[What you will do] Restate the following records word for word without images.

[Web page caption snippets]

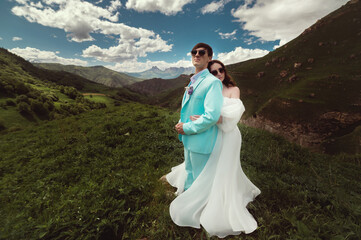 Beautiful wedding photo in the mountains, a wedding couple of newlyweds in love hugging against the backdrop of greenery and a cloudy sky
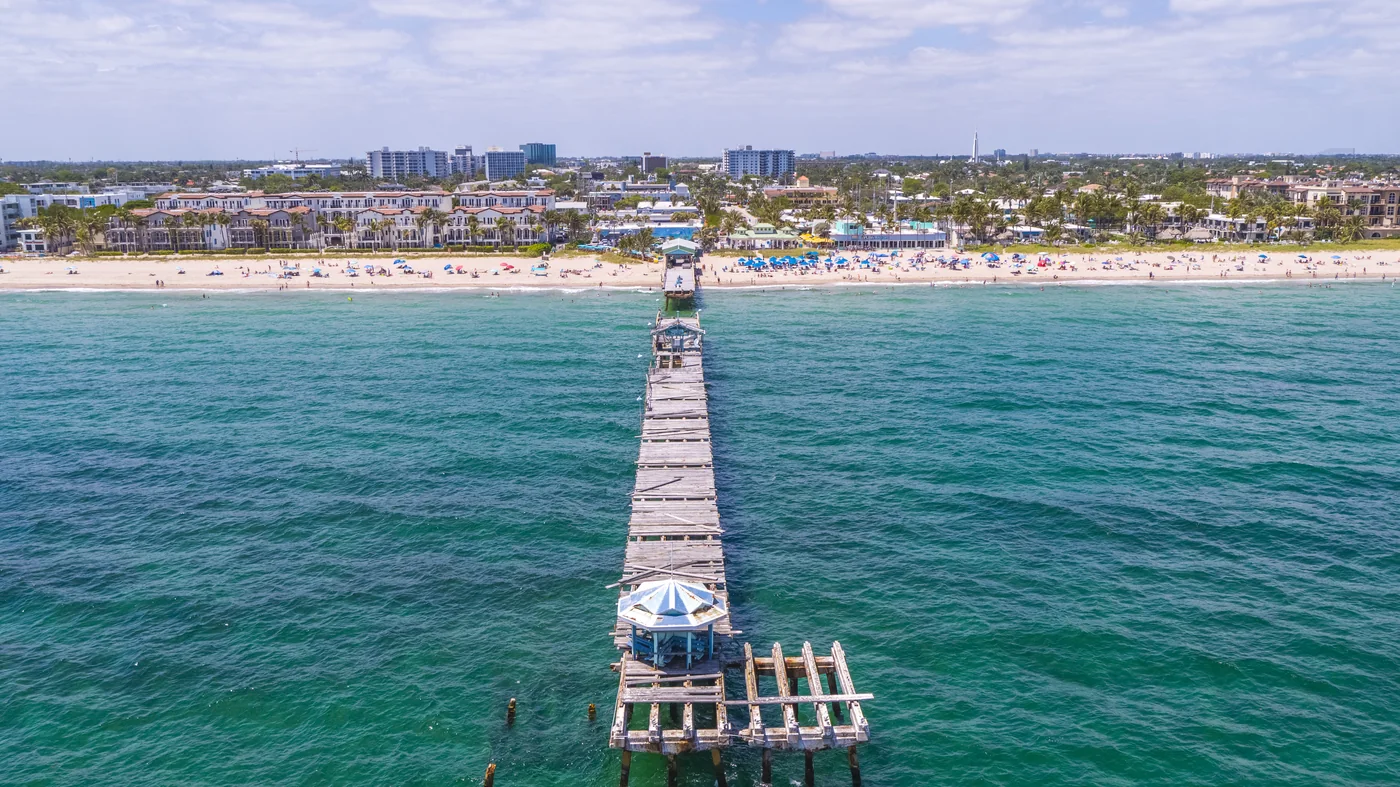 A fishing pier running out into green water with a crowded beach behind it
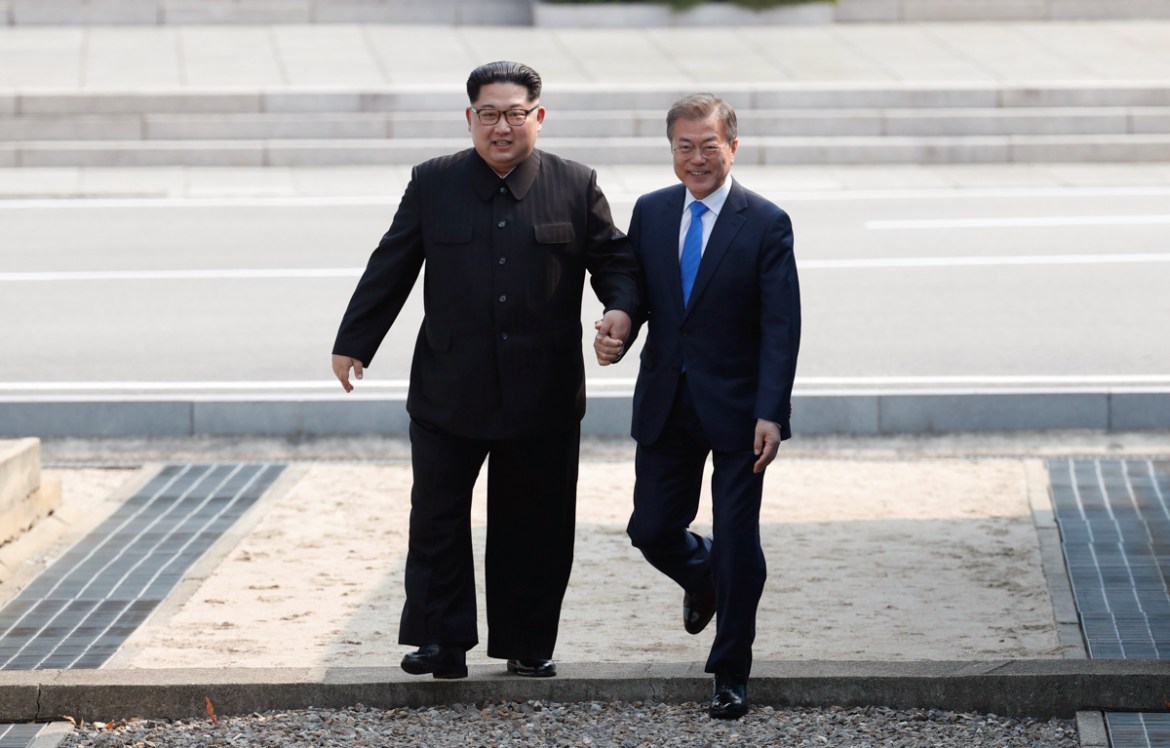 North Korean leader Kim Jong Un, left, and South Korean President Moon Jae-in, right, cross the military demarcation line to the South side at the border village of Panmunjom in the Demilitarized Zone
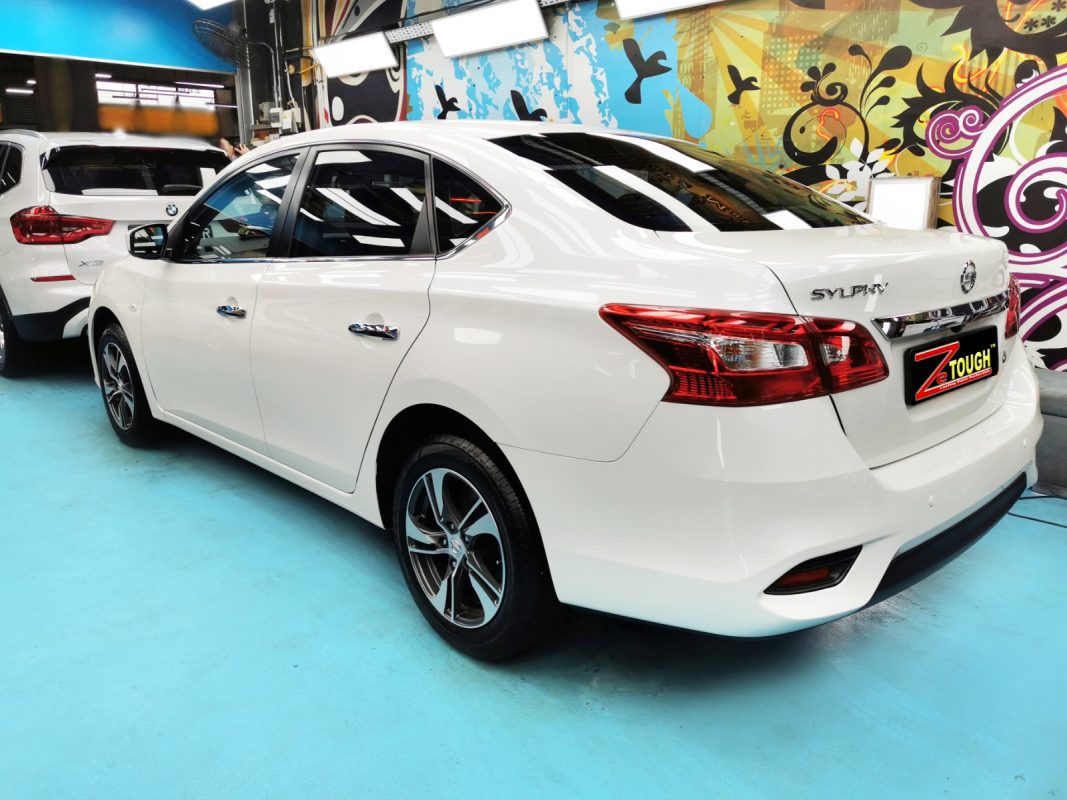 The coated bonnet of the Nissan Sylphy under workshop lighting.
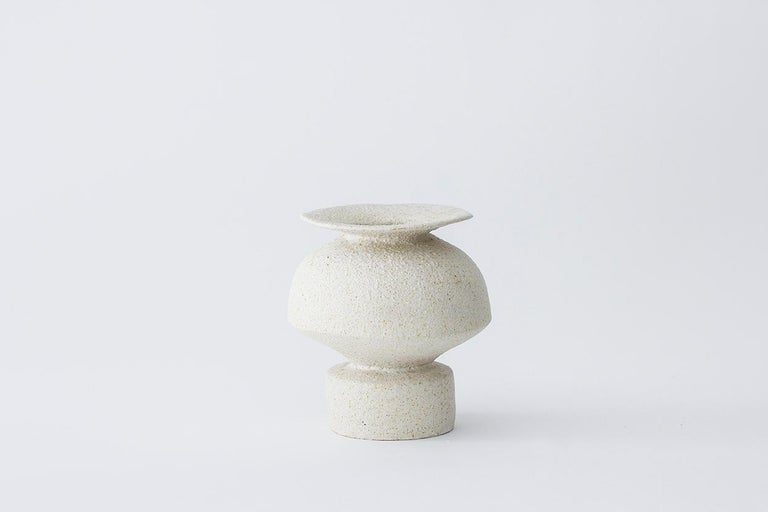 Psycter Hueso stoneware vase by Raquel Vidal and Pedro Paz.
Dimensions: 15 x 16 cm.
Materials: hand-sculpted, glazed pottery.

The pieces are hand built white stoneware with grog, and brushed with experimental glazes mix and textured surface,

[Solution]
 Beautiful wedding photo in the mountains, a wedding couple of newlyweds in love hugging against the backdrop of greenery and a cloudy sky
 A fishing pier running out into green water with a crowded beach behind it
 North Korean leader Kim Jong Un, left, and South Korean President Moon Jae-in, right, cross the military demarcation line to the South side at the border village of Panmunjom in the Demilitarized Zone
 The coated bonnet of the Nissan Sylphy under workshop lighting.
 Psycter Hueso stoneware vase by Raquel Vidal and Pedro Paz.
Dimensions: 15 x 16 cm.
Materials: hand-sculpted, glazed pottery.

The pieces are hand built white stoneware with grog, and brushed with experimental glazes mix and textured surface,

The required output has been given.